Les mairies des grandes villes interdisent les marches de visibilités et préfèrent que les boulevards de leurs villes soient piétinés par les bottes, se remplissent du vert des uniformes, et que les chants des oiseaux soient couverts par des chants militaires à l’unisson. Leurs voix appellent à un amour inconditionnel pour la patrie, ces chants répètent ô combien critiquer le pouvoir d’aujourd’hui serait trahir la mémoire pour les compatriotes qui se sont battus en héros contre des ennemis pour sauver les terres russes. Tu as déjà chanté dans une chorale militaire ? L’armée corrige, elle laisse des amers souvenirs racontés avec moquerie et tristesse, parfois bravoure, de comment des jeunes survivaient dans la misère et violence sous les ordres militaires et les humiliations. « Là-bas avec des gars », ils ont vécu ce que les femmes ne peuvent pas comprendre, mais qu’elles vont subir toute leur vie. Ce rituel les traumatise par sa dureté et par la maltraitance gravées dans leurs souvenirs. L’armée fabrique des vrais hommes et des vrais hétéros.

Kirkorov ne veut pas faire trop de vagues, mais il en fait malgré lui. Son public est autant émerveillé que scandalisé par ses costumes moulants, il est surtout curieux de savoir si le boule du chanteur qui a égayé leur soirée était bien un vrai. Le chanteur a une attitude individualiste et, en plus de ne pas aimer les gay prides, il est nationaliste ! Par exemple, il a soutenu la déclaration de la guerre à l’Ukraine. Kirkorov a compris que les parades nationalistes et les marches de visibilité ne sont pas compatibles, alors il a adopté une position ambiguë où il voulait à la fois montrer son amour pour la nation et affirmer ses orientations sexuelles. Mais Kirkorov a oublié que le nationalisme est un amour unilatéral. Si les désirs humains ne connaissent pas les frontières, l’idéologie nationaliste érige des murs. En 2024, les autorités russes interdisent son activité d’artiste.
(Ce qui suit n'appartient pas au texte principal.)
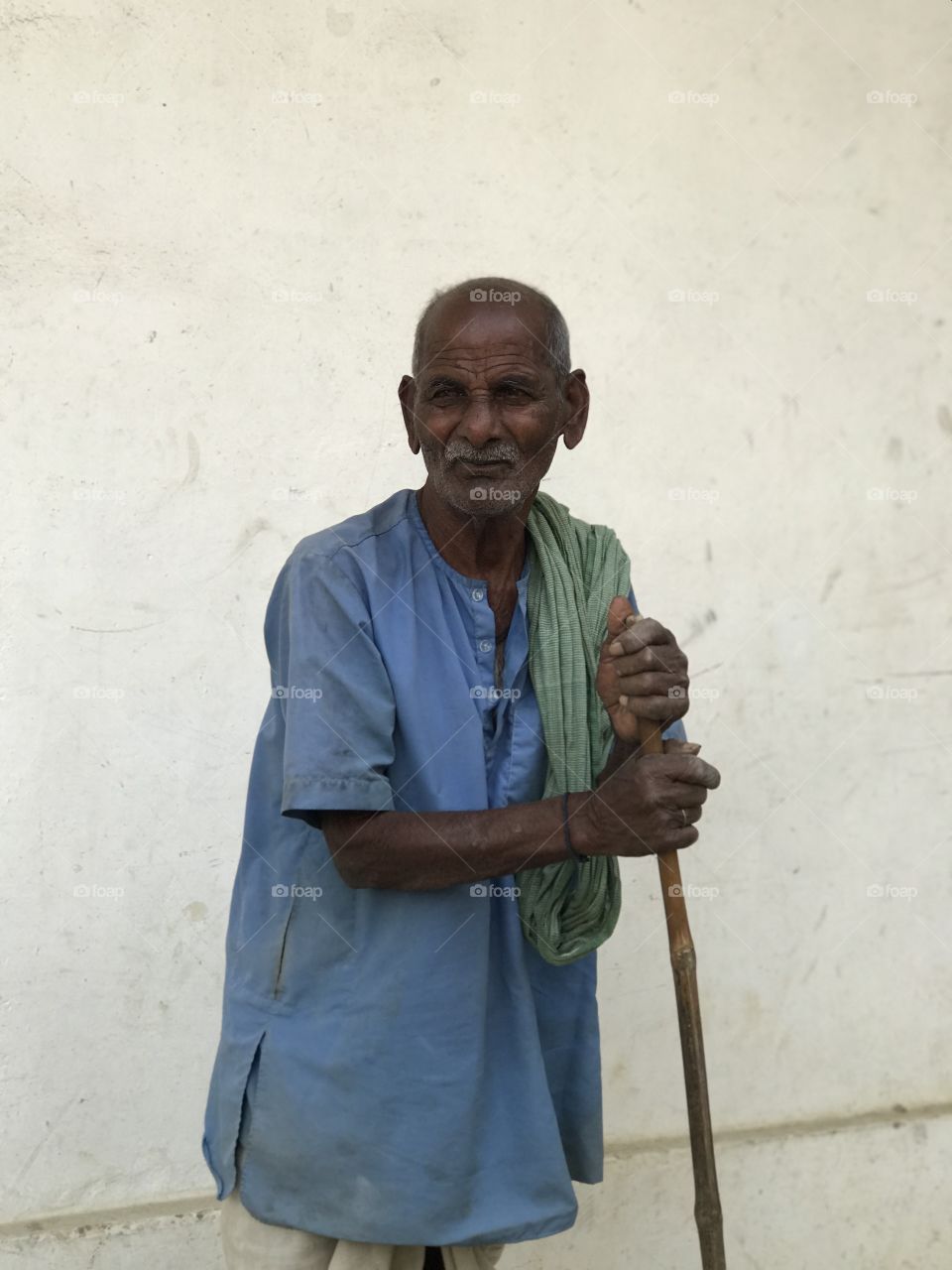 The old man is still working , as I want to tell this man once was taking care of my grandfather in late 50s now he is 90 something still fine and enjoying life . This is what u say AN INCREDIBLE INDIA 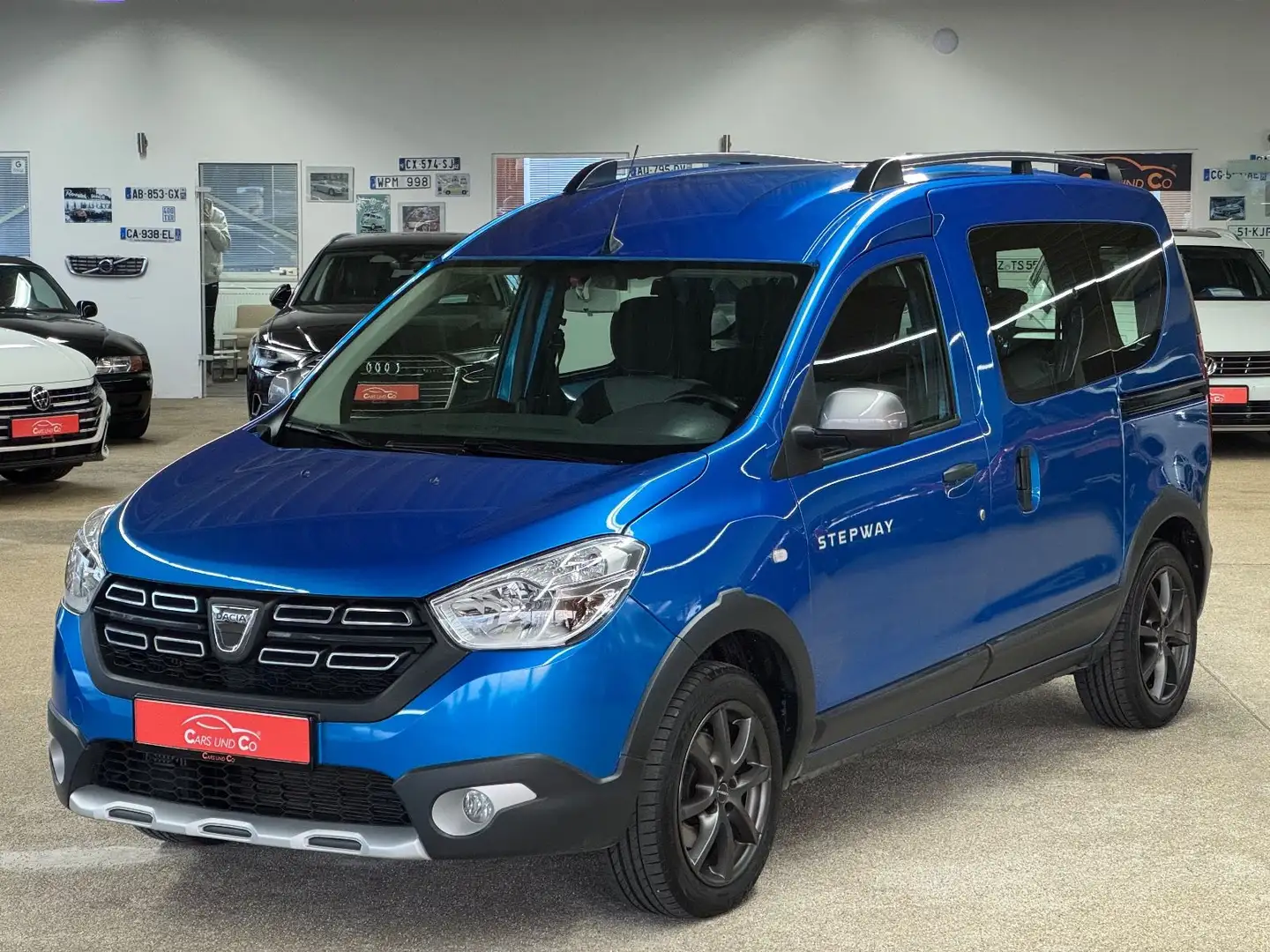 Dacia Dokker TCe 130 Stepway Plus *AHK*SHZ*NAV*TEM*RK* Blauw - 1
Les conditions de vie pour les LGBT deviennent insupportables. Se taire, résister, fuir le pays ? La chanteuse Zemfira a quitté le territoire de la Russie et depuis l’étranger écrit des chansons pour dénoncer le patriotisme. Le nom de son single PODNHA, sorti en 2024, mélange le cyrillique et le latin, on lit « Rodina », ou « Patrie » en français. Si on traduit de manière générale le sens, elle chante : « On t’apprendra, salope, à aimer la patrie, à respecter sa folie et la vieillesse, en plongeant dans le néant ressentir le bonheur » et puis « les critiques et les pensées sont impossibles ». Cette chanson illustre le nationalisme forcé et fait écho à l’hétéronormativité forcée.